# [Prompt]
Please copy each line below that contains the string "with".

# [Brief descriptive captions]
>>>

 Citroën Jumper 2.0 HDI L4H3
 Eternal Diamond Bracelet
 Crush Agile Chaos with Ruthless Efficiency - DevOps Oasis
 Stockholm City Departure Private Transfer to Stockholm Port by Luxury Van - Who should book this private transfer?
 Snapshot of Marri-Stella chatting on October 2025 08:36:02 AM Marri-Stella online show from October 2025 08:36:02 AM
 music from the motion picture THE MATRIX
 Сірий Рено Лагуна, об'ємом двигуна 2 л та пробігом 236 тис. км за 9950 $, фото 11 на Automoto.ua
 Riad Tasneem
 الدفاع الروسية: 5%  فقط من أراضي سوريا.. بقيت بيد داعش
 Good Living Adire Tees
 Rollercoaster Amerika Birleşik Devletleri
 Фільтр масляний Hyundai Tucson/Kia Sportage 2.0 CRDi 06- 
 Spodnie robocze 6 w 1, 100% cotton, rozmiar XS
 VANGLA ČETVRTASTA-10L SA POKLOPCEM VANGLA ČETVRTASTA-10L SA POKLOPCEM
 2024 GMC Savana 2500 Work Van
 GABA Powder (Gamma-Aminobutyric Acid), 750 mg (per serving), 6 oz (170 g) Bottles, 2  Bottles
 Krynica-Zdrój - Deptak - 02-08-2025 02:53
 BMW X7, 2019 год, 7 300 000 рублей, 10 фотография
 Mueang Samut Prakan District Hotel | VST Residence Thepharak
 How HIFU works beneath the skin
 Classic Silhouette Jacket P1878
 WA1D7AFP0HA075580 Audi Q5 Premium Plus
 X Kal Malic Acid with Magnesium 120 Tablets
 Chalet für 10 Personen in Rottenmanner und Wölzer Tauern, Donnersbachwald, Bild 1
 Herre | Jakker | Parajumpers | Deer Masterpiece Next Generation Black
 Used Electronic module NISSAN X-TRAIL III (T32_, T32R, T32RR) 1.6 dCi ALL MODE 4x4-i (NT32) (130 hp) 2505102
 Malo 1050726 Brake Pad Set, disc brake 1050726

<<<

# [Solution for this task]
 Crush Agile Chaos with Ruthless Efficiency - DevOps Oasis
 X Kal Malic Acid with Magnesium 120 Tablets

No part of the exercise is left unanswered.